# Data Preprocessing : Credit Card Routing for Online Purchase via Predictive Modelling

## Overview
**Pandas dataframe** is used for transforming & selecting features through python.
Below is the snapshot of the python code & explanation of steps used to derive the cumulative time as an additional feature.

The first column tmsp i.e. Original Timestamp provided in the dataset is transformed in a time difference where it’s assumed that the first transaction was initiated at 0 seconds & the next occurred 6 seconds after with the 3rd one occurring 92 seconds after the second & 98 seconds after the 1st transaction. A pattern is followed to consider the time difference obtained as one of the derived features to perform data analysis. Data is prepared using the given excel spreadsheet consisting below details:
1.	Total transactions(rows): **50470**
2.	Total features(columns): **7** (Sr. No, timestamp, country, amount, success, PSP, 3D_secured, card)

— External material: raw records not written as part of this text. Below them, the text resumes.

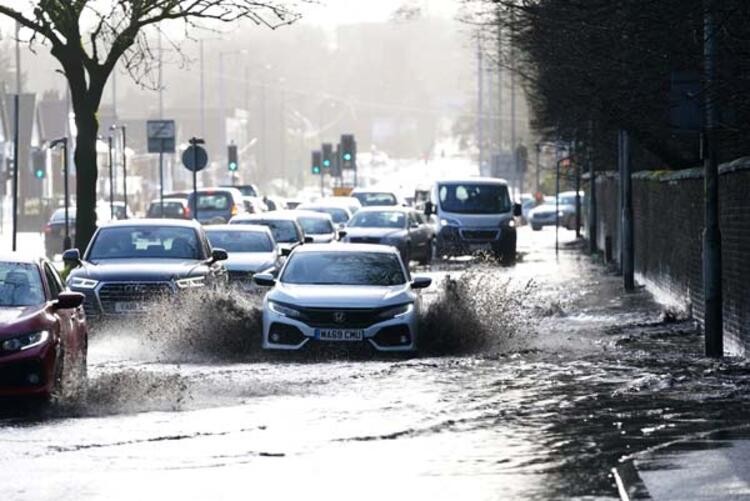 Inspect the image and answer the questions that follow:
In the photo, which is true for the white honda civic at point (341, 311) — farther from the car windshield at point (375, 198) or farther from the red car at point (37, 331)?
the car windshield at point (375, 198)

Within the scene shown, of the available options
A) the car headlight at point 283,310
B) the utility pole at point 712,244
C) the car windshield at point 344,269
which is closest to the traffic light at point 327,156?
the car windshield at point 344,269

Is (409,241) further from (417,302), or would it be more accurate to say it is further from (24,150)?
(24,150)

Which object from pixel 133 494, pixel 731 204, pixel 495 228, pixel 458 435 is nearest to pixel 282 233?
pixel 495 228

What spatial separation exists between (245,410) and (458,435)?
252cm

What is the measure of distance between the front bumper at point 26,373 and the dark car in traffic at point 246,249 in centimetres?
1463

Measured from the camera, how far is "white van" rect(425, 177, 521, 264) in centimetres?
5369

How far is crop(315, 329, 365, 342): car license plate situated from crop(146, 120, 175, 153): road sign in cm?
2281

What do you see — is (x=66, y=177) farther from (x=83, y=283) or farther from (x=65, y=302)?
(x=65, y=302)

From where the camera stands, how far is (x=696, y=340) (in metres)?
24.8

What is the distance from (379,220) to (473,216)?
3405mm

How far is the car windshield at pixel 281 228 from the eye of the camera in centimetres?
3959

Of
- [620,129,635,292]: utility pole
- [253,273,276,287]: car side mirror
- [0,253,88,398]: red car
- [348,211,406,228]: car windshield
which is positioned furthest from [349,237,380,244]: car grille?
[0,253,88,398]: red car

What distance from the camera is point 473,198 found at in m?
54.7

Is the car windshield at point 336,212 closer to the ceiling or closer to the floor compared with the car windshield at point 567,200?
closer to the ceiling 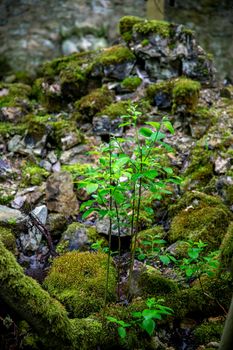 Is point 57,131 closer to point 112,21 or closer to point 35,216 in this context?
point 35,216

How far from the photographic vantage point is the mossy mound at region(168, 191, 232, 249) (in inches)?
134

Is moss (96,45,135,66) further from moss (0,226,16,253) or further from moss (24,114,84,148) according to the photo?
moss (0,226,16,253)

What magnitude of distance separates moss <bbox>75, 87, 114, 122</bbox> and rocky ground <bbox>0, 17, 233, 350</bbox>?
2 cm

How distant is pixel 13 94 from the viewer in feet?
22.1

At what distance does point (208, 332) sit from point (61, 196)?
2495mm

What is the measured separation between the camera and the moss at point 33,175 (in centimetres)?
473

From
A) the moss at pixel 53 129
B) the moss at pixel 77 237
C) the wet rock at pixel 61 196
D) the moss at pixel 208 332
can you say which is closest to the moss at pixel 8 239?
the moss at pixel 77 237

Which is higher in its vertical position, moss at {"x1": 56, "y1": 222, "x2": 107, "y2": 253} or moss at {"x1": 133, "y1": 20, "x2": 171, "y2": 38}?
moss at {"x1": 133, "y1": 20, "x2": 171, "y2": 38}

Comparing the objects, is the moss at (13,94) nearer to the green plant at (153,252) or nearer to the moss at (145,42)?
the moss at (145,42)

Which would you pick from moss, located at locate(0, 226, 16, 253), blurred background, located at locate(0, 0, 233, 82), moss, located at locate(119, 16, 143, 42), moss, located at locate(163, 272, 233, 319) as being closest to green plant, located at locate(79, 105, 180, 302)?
moss, located at locate(163, 272, 233, 319)

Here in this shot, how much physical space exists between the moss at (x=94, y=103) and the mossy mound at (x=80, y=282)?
3.20 m

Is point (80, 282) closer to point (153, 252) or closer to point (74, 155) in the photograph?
point (153, 252)

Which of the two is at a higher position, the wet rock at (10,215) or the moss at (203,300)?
the moss at (203,300)

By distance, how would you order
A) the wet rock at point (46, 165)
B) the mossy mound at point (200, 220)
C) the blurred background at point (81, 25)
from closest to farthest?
the mossy mound at point (200, 220) < the wet rock at point (46, 165) < the blurred background at point (81, 25) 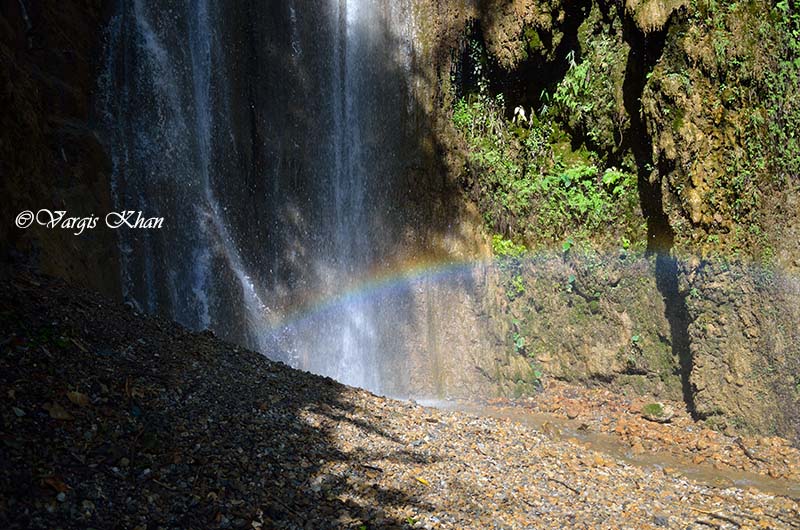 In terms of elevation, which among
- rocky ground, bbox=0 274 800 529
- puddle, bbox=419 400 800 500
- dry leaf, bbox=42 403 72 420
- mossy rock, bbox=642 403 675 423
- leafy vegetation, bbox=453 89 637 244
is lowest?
puddle, bbox=419 400 800 500

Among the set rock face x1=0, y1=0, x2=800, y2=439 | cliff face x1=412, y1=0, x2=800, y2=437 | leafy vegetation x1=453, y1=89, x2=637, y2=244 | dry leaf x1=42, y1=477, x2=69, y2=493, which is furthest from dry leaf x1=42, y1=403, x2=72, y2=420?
leafy vegetation x1=453, y1=89, x2=637, y2=244

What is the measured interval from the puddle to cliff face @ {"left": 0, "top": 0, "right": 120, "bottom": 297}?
4913 mm

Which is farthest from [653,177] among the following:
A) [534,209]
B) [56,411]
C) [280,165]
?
[56,411]

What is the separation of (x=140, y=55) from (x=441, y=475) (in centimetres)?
667

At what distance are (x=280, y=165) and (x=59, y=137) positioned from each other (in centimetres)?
321

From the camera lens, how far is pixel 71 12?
25.9 ft

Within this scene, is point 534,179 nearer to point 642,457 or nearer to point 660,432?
point 660,432

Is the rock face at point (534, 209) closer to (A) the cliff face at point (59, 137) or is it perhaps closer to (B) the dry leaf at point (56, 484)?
(A) the cliff face at point (59, 137)

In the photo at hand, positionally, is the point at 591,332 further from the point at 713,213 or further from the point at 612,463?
the point at 612,463

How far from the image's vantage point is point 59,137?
7.49 m

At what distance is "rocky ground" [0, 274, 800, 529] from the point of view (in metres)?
3.42

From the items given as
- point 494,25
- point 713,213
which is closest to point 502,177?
point 494,25

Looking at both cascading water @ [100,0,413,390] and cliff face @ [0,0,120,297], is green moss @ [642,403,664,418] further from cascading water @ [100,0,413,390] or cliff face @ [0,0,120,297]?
cliff face @ [0,0,120,297]

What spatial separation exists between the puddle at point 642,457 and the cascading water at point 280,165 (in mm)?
2390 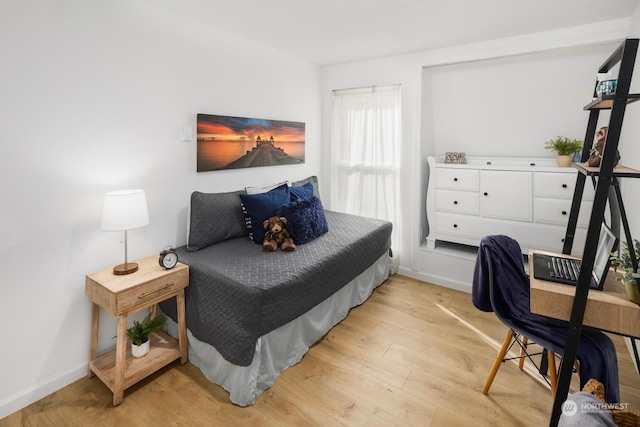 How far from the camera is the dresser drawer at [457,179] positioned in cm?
325

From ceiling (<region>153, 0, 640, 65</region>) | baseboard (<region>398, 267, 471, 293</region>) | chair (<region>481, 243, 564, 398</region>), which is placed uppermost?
ceiling (<region>153, 0, 640, 65</region>)

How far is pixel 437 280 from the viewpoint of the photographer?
358cm

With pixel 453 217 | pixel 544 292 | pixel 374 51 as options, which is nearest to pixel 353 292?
pixel 453 217

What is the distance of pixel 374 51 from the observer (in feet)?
11.3

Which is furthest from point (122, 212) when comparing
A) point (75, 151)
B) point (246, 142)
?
point (246, 142)

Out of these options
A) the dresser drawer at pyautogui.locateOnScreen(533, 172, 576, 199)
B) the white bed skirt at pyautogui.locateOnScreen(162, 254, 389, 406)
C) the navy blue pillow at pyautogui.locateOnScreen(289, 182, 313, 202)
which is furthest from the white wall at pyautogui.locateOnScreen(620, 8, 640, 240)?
the navy blue pillow at pyautogui.locateOnScreen(289, 182, 313, 202)

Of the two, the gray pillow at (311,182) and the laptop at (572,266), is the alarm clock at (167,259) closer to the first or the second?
the gray pillow at (311,182)

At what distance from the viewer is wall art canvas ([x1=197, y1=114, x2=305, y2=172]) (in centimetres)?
283

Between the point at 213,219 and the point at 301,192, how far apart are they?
1022mm

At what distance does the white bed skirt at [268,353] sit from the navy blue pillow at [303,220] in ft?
1.81

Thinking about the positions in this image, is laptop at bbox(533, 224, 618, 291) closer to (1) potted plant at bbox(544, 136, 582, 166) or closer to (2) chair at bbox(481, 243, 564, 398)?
(2) chair at bbox(481, 243, 564, 398)

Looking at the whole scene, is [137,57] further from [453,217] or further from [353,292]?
[453,217]

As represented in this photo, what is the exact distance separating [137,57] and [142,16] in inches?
11.7

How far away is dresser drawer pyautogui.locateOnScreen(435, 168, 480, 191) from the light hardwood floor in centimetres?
142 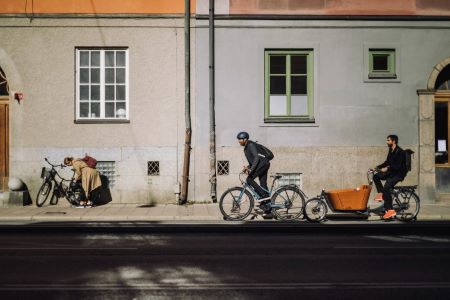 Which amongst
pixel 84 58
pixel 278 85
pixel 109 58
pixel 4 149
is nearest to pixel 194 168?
pixel 278 85

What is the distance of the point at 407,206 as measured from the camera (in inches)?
489

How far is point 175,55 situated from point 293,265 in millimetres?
9559

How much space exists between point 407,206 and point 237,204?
383cm

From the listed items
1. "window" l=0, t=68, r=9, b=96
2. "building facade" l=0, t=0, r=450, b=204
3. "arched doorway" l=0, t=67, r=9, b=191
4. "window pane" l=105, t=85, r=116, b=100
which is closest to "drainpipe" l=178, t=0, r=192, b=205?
"building facade" l=0, t=0, r=450, b=204

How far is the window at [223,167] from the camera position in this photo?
15539 mm

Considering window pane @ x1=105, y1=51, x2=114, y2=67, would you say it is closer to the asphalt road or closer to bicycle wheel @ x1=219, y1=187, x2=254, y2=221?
bicycle wheel @ x1=219, y1=187, x2=254, y2=221

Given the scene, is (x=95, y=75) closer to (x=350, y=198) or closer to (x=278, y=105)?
(x=278, y=105)

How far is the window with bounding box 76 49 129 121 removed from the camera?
1570 cm

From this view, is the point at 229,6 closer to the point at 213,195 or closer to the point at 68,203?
the point at 213,195

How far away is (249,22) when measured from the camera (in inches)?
614

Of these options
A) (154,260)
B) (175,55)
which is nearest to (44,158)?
(175,55)

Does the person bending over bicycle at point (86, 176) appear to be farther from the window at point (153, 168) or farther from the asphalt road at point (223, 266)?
the asphalt road at point (223, 266)

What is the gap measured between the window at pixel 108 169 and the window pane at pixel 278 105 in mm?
4758

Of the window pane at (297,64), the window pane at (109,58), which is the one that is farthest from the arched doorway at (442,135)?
the window pane at (109,58) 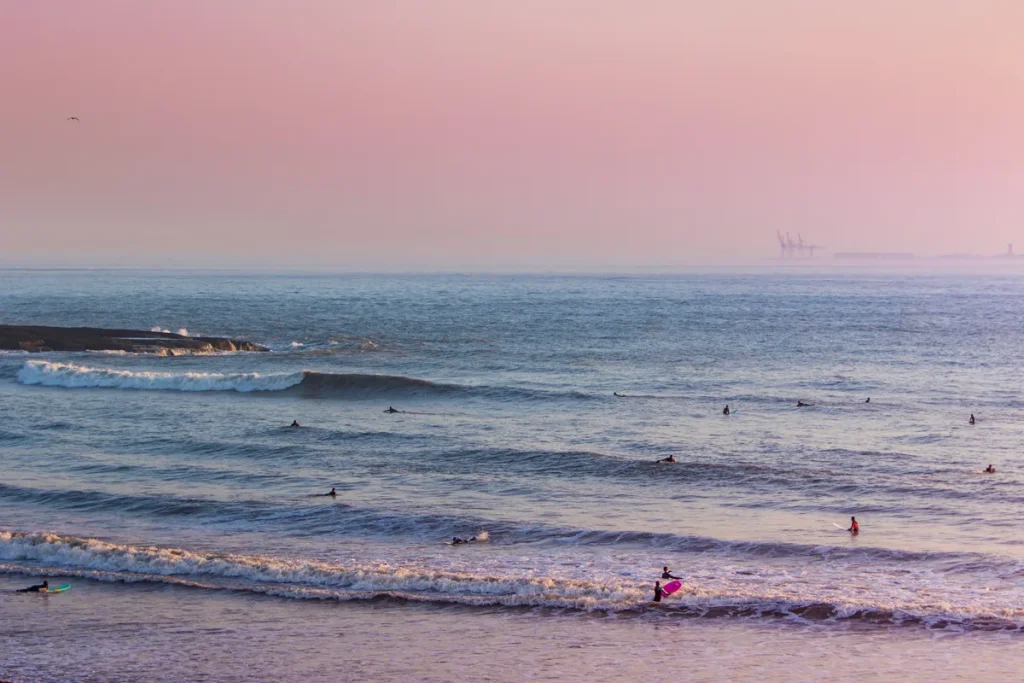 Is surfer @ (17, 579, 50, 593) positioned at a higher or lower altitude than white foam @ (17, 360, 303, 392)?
lower

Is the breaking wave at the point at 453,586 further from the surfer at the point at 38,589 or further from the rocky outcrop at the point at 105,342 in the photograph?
the rocky outcrop at the point at 105,342

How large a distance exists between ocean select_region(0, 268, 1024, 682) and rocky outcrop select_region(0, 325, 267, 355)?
6838mm

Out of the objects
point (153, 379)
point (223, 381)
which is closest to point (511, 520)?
point (223, 381)

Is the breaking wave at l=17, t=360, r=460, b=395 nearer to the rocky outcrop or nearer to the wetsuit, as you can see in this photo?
the rocky outcrop

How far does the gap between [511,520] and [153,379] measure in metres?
35.0

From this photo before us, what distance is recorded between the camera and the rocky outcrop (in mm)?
74375

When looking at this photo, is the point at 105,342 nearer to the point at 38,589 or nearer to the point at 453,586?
the point at 38,589

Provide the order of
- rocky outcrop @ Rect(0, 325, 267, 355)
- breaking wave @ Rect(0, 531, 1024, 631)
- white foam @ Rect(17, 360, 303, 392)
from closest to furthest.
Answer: breaking wave @ Rect(0, 531, 1024, 631) < white foam @ Rect(17, 360, 303, 392) < rocky outcrop @ Rect(0, 325, 267, 355)

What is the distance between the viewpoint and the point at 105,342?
75.9 meters

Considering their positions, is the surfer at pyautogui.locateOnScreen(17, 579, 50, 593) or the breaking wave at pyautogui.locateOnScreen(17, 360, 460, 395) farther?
the breaking wave at pyautogui.locateOnScreen(17, 360, 460, 395)

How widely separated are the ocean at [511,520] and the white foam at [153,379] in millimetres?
216

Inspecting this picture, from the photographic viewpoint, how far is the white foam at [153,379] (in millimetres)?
58844

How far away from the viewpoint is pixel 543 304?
440 feet

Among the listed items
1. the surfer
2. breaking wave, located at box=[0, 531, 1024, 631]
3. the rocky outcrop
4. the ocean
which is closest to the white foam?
the ocean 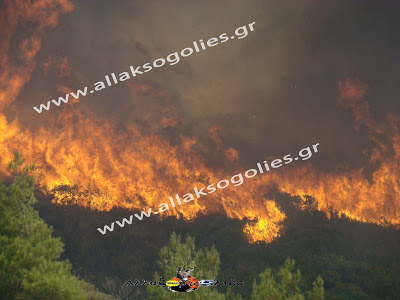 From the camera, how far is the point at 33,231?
18.6 metres

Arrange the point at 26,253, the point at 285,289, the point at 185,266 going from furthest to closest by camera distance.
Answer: the point at 285,289 → the point at 185,266 → the point at 26,253

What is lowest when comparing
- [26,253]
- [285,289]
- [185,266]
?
[285,289]

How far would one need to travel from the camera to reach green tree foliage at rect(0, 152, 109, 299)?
1664 centimetres

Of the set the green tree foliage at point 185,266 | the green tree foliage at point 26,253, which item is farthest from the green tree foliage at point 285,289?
the green tree foliage at point 26,253

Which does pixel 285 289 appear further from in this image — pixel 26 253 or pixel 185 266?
pixel 26 253

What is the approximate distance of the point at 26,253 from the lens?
17.2 meters

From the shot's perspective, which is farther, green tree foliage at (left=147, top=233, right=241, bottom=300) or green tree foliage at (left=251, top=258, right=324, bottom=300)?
green tree foliage at (left=251, top=258, right=324, bottom=300)

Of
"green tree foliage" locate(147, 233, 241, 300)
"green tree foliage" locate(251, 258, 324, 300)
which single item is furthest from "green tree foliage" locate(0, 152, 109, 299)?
"green tree foliage" locate(251, 258, 324, 300)

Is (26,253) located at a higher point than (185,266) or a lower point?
higher

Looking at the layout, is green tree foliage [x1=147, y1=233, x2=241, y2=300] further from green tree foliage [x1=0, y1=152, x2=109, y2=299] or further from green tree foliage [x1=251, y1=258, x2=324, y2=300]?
green tree foliage [x1=0, y1=152, x2=109, y2=299]

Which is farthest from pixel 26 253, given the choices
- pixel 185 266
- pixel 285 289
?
pixel 285 289

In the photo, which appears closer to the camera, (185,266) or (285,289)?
(185,266)

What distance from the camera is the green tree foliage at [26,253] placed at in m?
16.6

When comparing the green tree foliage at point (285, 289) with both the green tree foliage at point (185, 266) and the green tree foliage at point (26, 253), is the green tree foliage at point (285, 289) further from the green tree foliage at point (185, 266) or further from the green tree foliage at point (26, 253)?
the green tree foliage at point (26, 253) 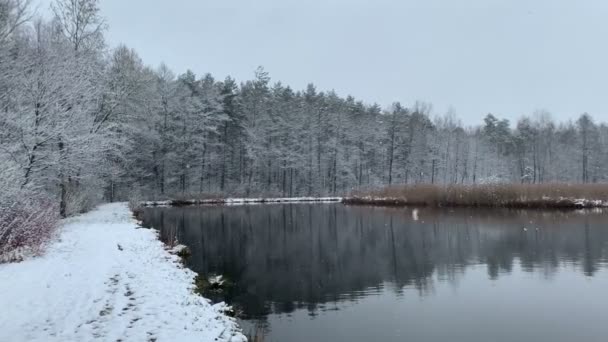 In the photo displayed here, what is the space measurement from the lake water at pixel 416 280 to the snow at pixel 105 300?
164 cm

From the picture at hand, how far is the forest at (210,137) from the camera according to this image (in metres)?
19.1

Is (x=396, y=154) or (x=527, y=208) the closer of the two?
(x=527, y=208)

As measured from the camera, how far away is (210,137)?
61.3 m

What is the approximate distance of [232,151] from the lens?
62219mm

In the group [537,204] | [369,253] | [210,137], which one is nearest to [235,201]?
[210,137]

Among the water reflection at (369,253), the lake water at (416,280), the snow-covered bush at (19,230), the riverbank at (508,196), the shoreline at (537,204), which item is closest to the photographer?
the lake water at (416,280)

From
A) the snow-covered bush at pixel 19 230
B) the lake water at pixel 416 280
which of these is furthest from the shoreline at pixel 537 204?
the snow-covered bush at pixel 19 230

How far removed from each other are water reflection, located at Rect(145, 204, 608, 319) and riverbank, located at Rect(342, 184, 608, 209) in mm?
6170

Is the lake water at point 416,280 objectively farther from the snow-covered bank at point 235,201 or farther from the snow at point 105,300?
the snow-covered bank at point 235,201

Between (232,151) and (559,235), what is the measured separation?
153 feet

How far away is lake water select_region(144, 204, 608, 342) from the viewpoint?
9.50m

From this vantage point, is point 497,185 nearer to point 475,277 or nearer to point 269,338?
point 475,277

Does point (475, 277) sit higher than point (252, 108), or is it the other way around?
point (252, 108)

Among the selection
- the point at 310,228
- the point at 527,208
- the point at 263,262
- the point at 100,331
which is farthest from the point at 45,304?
the point at 527,208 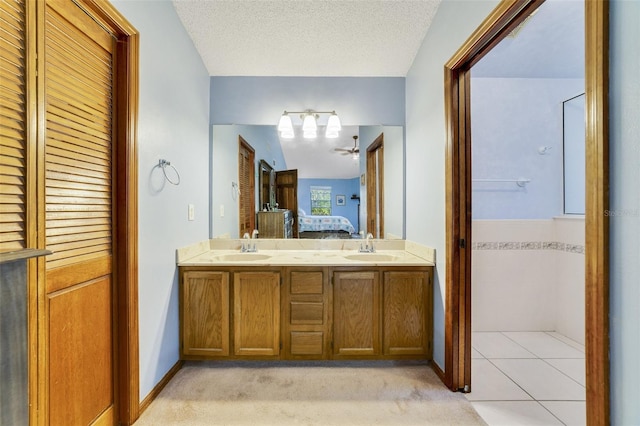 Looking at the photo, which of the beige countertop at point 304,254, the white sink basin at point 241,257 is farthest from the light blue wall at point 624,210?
the white sink basin at point 241,257

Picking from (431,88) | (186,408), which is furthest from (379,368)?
(431,88)

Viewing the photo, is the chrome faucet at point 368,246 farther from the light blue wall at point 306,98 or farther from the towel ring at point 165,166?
the towel ring at point 165,166

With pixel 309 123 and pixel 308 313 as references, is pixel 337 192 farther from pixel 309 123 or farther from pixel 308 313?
pixel 308 313

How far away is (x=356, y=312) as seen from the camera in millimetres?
2160

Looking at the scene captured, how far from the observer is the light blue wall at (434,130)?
1.81 meters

### Performing transformation of timestamp into numeric values of time difference
Below code is used to read the provided csv file & store its data into a dataframe called train_data

**pd.read_csv**=Used to read a given csv file
**pd.DataFrame**=Used to convert a given csv file into dataframe

In [None]:
#Importing necessary libraries
import pandas as pd
import csv  
import datetime as dt
#Initiating CSV file
csv_file=pd.read_csv("C:\\MISC\\IU_downloads\\PSP_Jan_Feb_2019.csv")
#Initiating the dataframe
train_data=pd.DataFrame(csv_file,index=None);

### Writing the time difference obtained from the given timestamps in another file
This is done by opening the file through **csv writer** & iterating through all the rows thereby selecting the timestamp for each row
The timestamps of each subsequent rows are subtracted form one another to obtain a difference in **seconds**. This difference is finally written back to the csv file

**datetime.strptime**= Used to convert timestamp in required format
**csvwriter.writerow**=Used to write the obtained values one by one in each row of csv file

In [None]:
#Providing the timestamp format for conversion of dates
format = '%Y-%m-%d %H:%M:%S'
#Writing numeric values obtained after converting dates into another csv file
with open("C:\\MISC\\IU_downloads\\PSP_Jan_Feb_2019_v1.csv","w") as csvfile:
    csvwriter=csv.writer(csvfile)
    for i in range(1,len(train_data.axes[0])):
          #Converting given timestamp into time difference of seconds starting from 0 seconds with the first record
          sec=str((dt.datetime.strptime(train_data["tmsp"][i], format)-dt.datetime.strptime(train_data["tmsp"][i-1], format)).total_seconds())
          csvwriter.writerow(sec)

## Obtaining transaction fees through python for each transaction
This is similar to a vlookup in excel file where both the files can be merged to obtain the transactional fees for every row. In Python it can be done through dataframe as below
**pd.merge**= command used to merge two files based on a common column which is "PSP" in our case, 
**pd.concat**= command used to concat two files having same columns

In [None]:
#Initializing paths from local for provided dataset & transaction fees file
df_original=pd.DataFrame(pd.read_csv("C:\\MISC\\IU_downloads\\PSP_Jan_Feb_2019_original.csv"),index=None)
df_transac_fee=pd.DataFrame(pd.read_csv("C:\\MISC\\IU_downloads\\PSP_Jan_Feb_2019_transac_fees.csv"),index=None)
#Extracting only failed transactions from both the files & transforming the dataframe 
df_original_fail=df_original[df_original["success"]==0]
df_transac_fee_fail=df_transac_fee.drop(columns=("Success"))
#Merging the two files so that transaction fees are obtained for each failed transaction
pd_merge_fail=pd.merge(df_original_fail, df_transac_fee_fail, on="PSP",how="inner")
#Extracting only successful transactions from both the files & transforming the dataframe 
df_original_success=df_original[df_original["success"]==1]
df_transac_fee_success=df_transac_fee.drop(columns=("Fail"))
#Merging the two files so that transaction fees are obtained for each successful transaction
pd_merge_success=pd.merge(df_original_success, df_transac_fee_success, on="PSP",how="inner")
#Renaming the column to transaction_fees for each success & failure
pd_merge_fail.rename(columns={"Fail":"transaction_fees"},inplace=True)
pd_merge_success.rename(columns={"Success":"transaction_fees"},inplace=True)
#Concatinating & sorting the final file to obtain the required dataset
pd_merge_t_fee=pd.concat([pd_merge_fail,pd_merge_success])
pd_merge_t_fee_sorted=pd_merge_t_fee.sort_values(by=["tmsp"])